WHAT YOU NEED TO DO
Exact reproduction of all the data is required, with pictures excluded.

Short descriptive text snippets
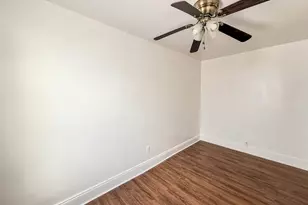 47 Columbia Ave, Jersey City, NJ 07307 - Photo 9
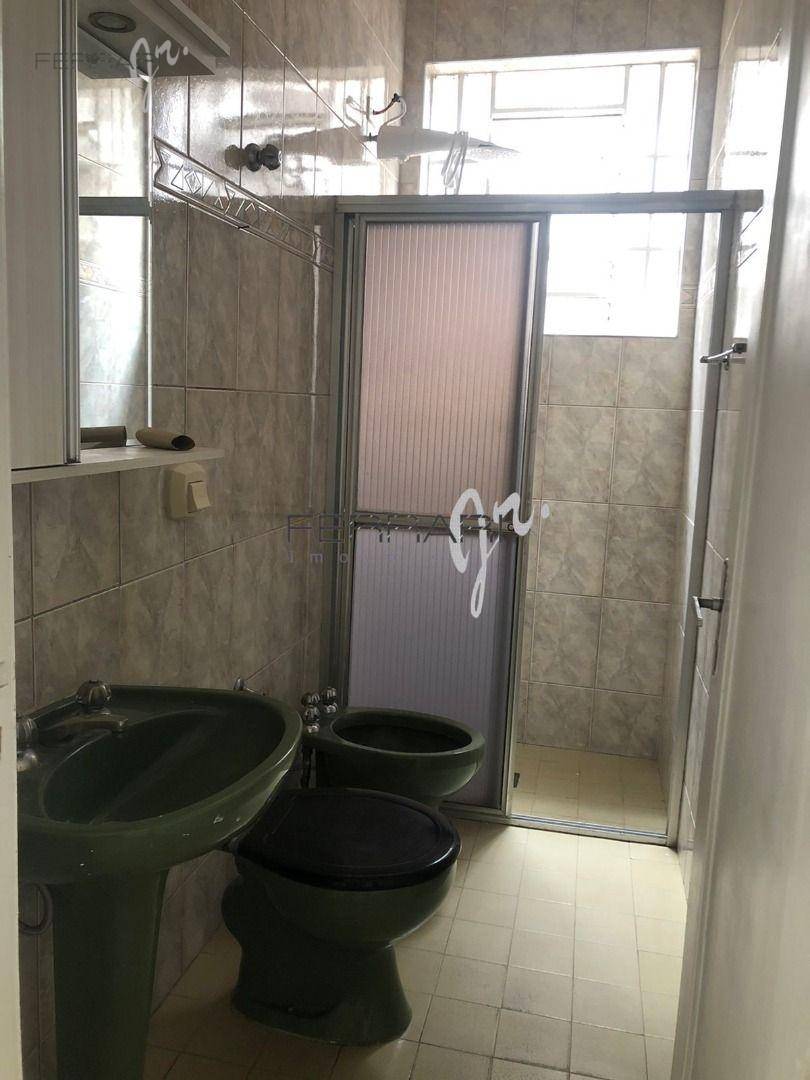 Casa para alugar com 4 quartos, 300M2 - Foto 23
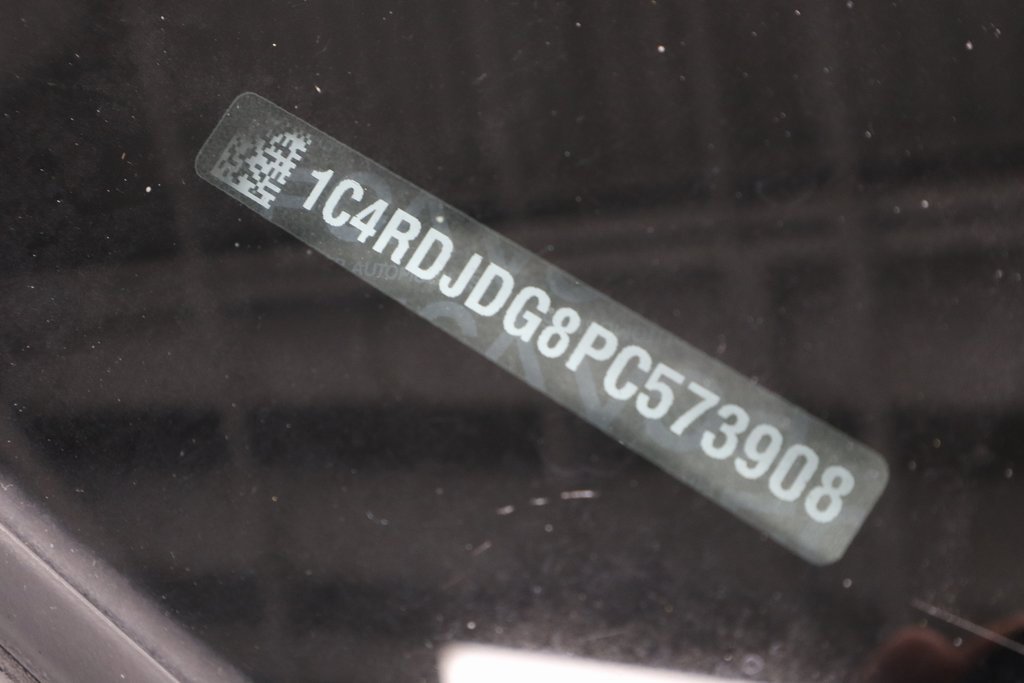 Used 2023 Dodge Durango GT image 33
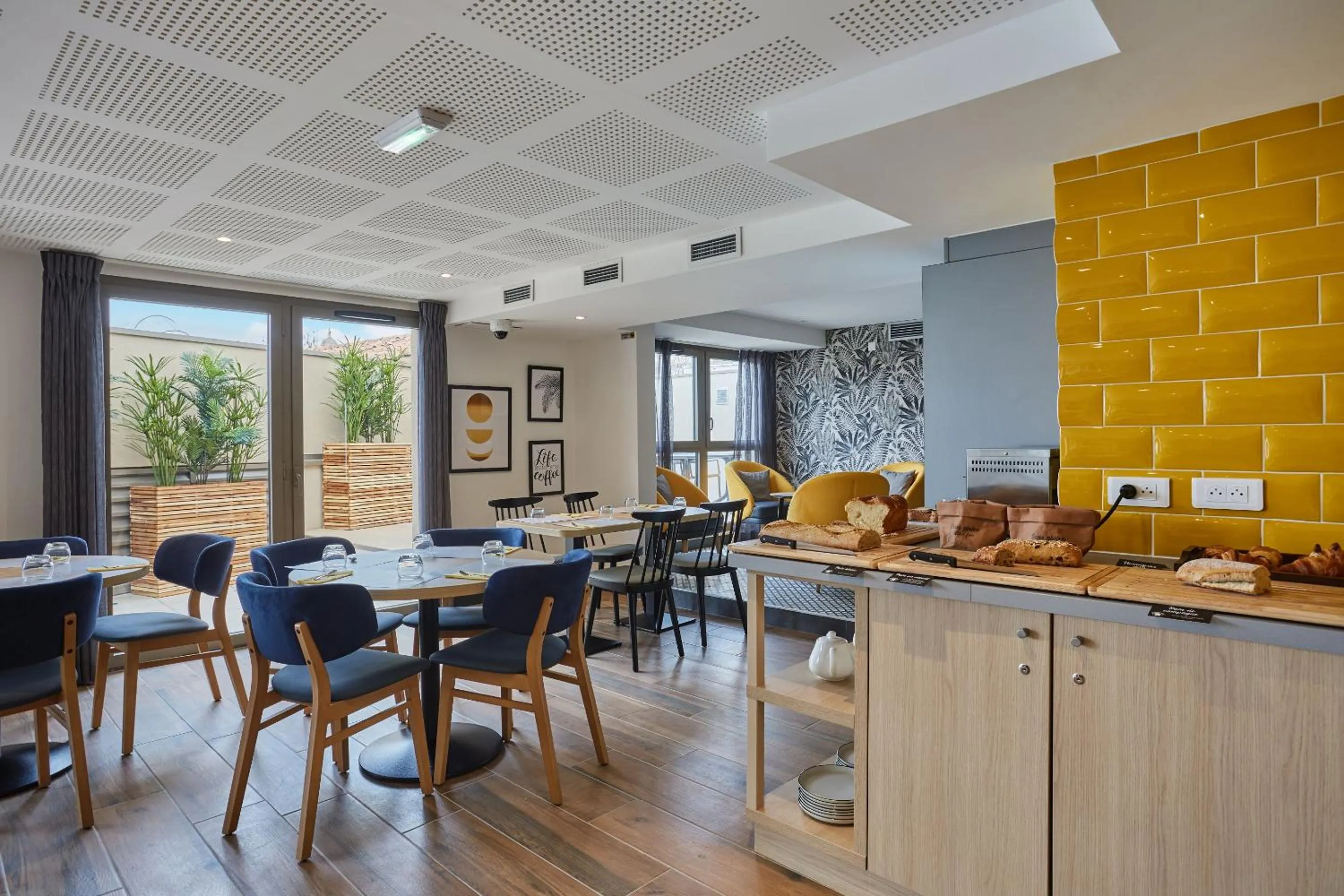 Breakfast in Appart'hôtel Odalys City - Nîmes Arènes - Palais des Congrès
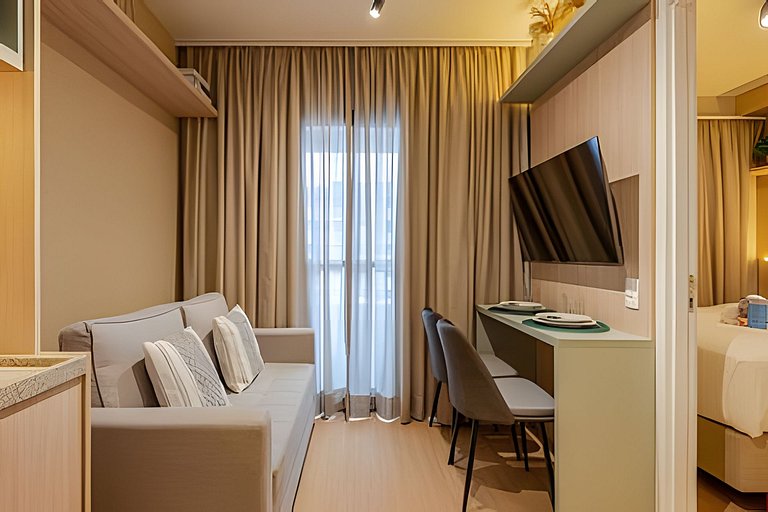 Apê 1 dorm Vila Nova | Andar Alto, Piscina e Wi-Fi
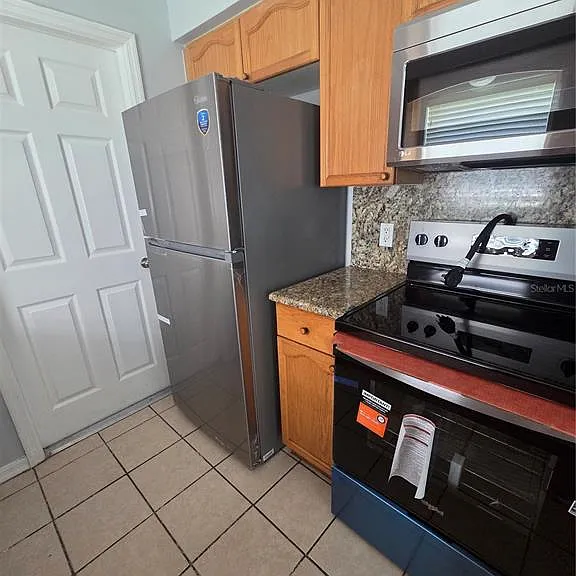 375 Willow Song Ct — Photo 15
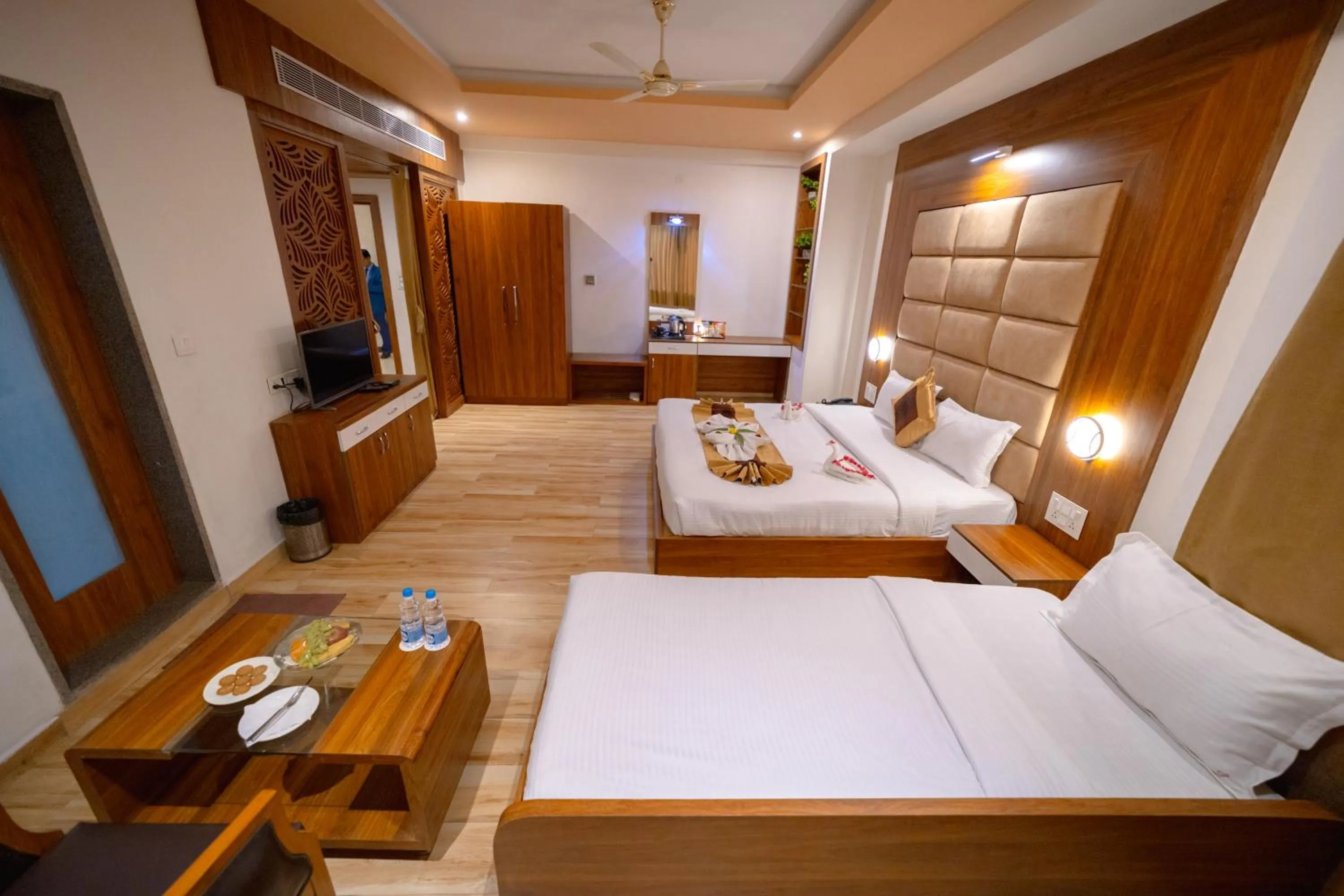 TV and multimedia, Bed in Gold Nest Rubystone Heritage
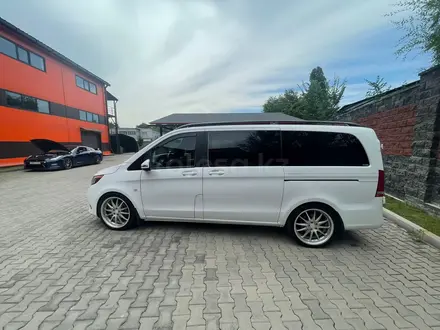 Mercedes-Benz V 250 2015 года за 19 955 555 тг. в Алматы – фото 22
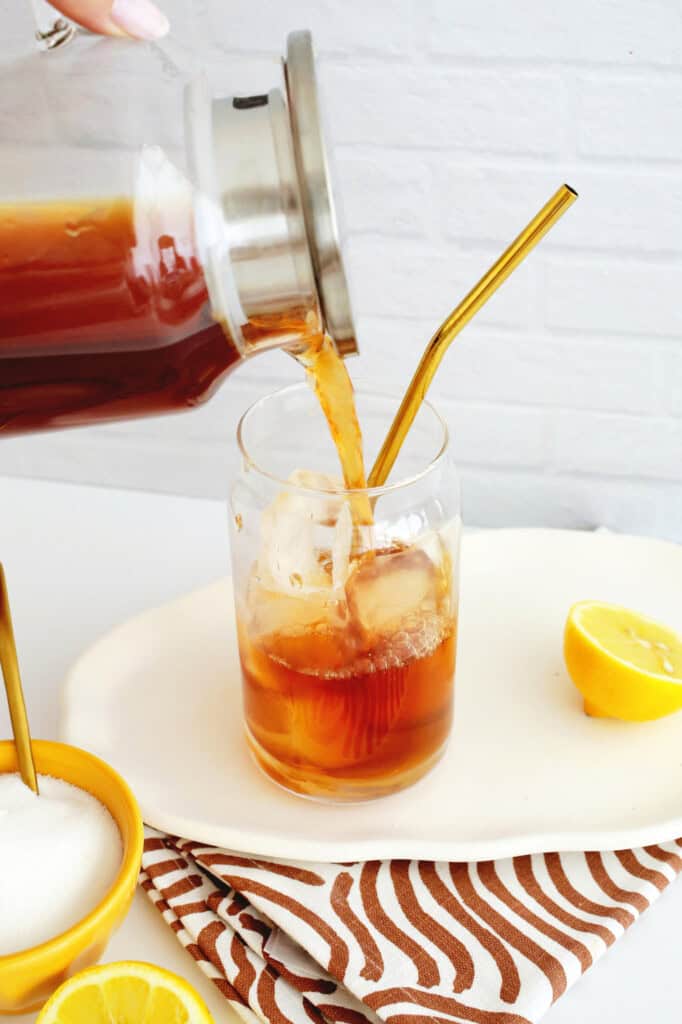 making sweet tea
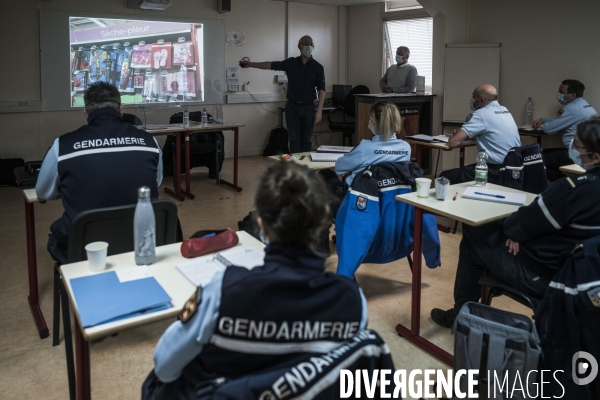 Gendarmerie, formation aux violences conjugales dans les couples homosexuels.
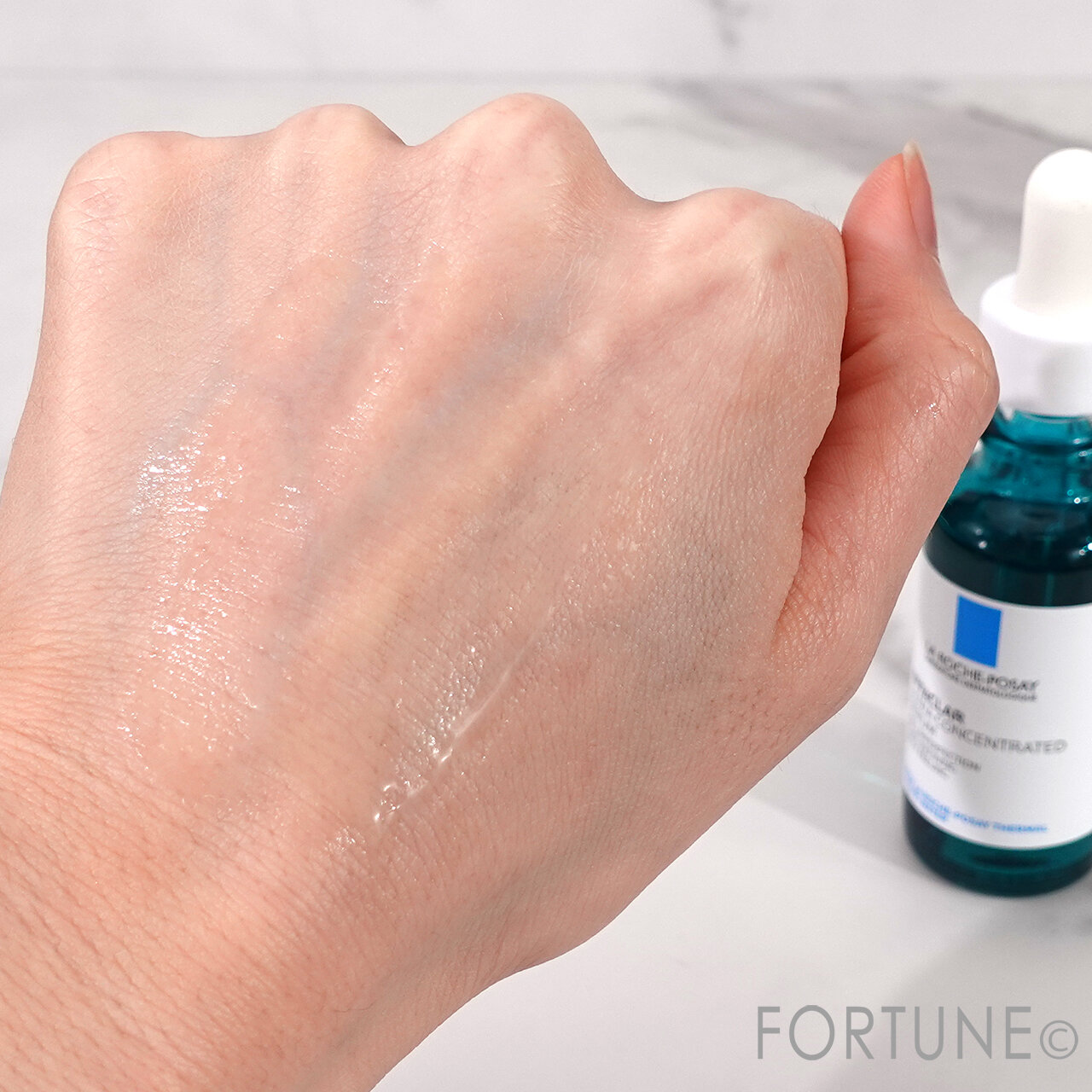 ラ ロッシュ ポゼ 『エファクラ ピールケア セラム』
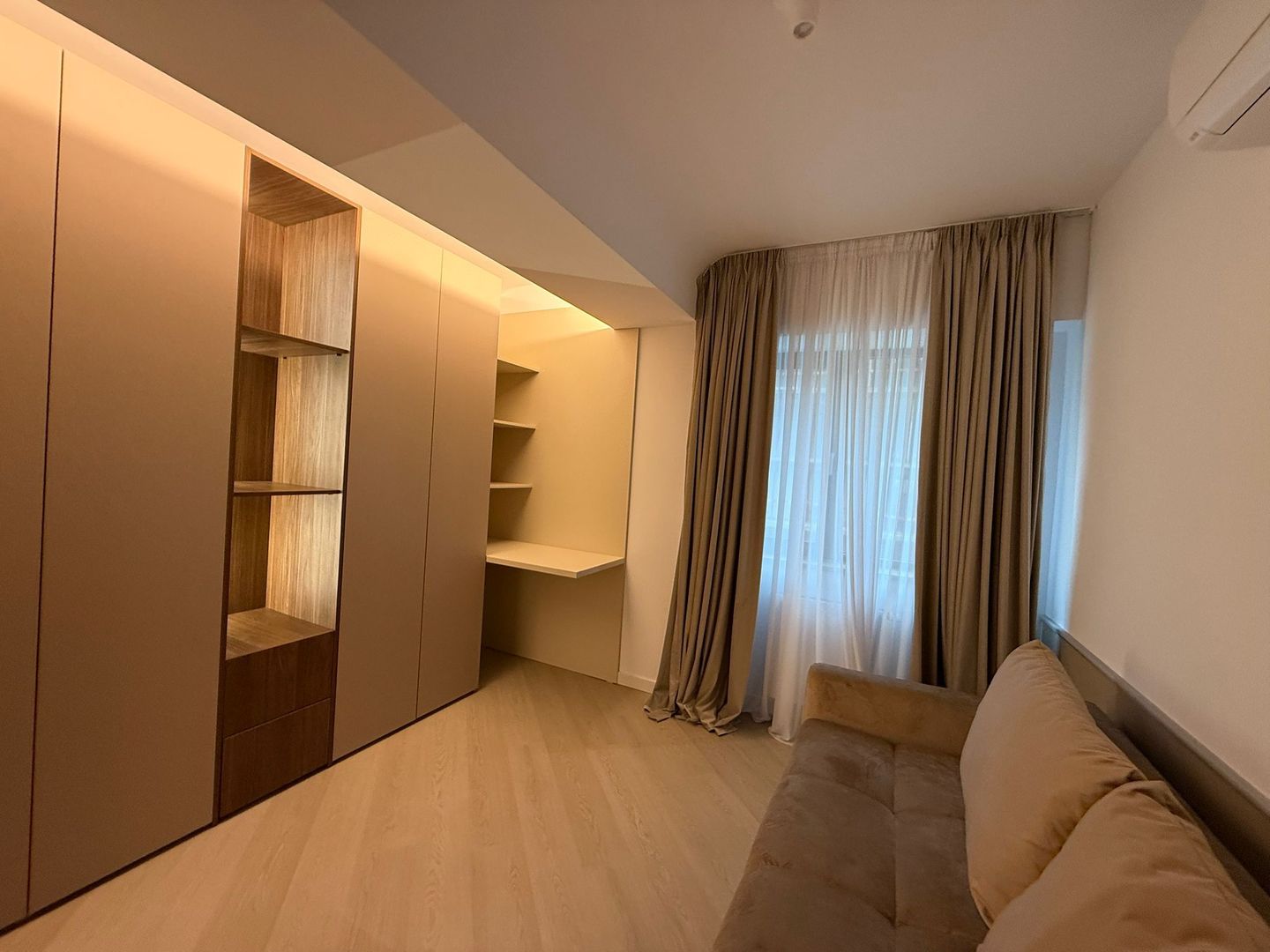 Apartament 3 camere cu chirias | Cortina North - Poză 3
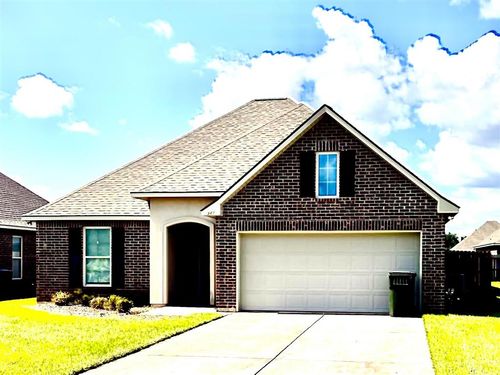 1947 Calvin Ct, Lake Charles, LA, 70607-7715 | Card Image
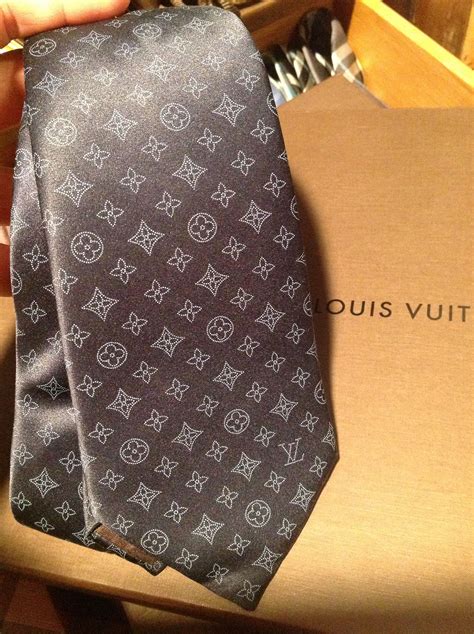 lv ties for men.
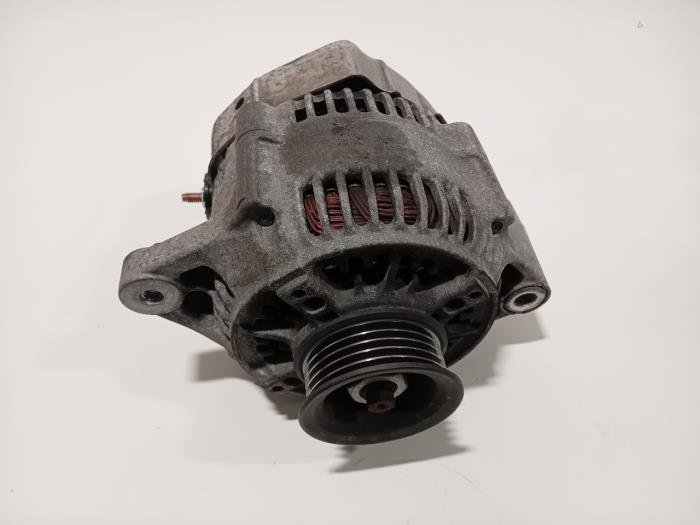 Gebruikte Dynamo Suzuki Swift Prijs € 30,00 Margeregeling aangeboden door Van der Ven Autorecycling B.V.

RESULT OF THIS EXERCISE
 47 Columbia Ave, Jersey City, NJ 07307 - Photo 9
 Casa para alugar com 4 quartos, 300M2 - Foto 23
 Used 2023 Dodge Durango GT image 33
 Breakfast in Appart'hôtel Odalys City - Nîmes Arènes - Palais des Congrès
 Apê 1 dorm Vila Nova | Andar Alto, Piscina e Wi-Fi
 375 Willow Song Ct — Photo 15
 TV and multimedia, Bed in Gold Nest Rubystone Heritage
 Mercedes-Benz V 250 2015 года за 19 955 555 тг. в Алматы – фото 22
 making sweet tea
 Gendarmerie, formation aux violences conjugales dans les couples homosexuels.
 ラ ロッシュ ポゼ 『エファクラ ピールケア セラム』
 Apartament 3 camere cu chirias | Cortina North - Poză 3
 1947 Calvin Ct, Lake Charles, LA, 70607-7715 | Card Image
 lv ties for men.
 Gebruikte Dynamo Suzuki Swift Prijs € 30,00 Margeregeling aangeboden door Van der Ven Autorecycling B.V.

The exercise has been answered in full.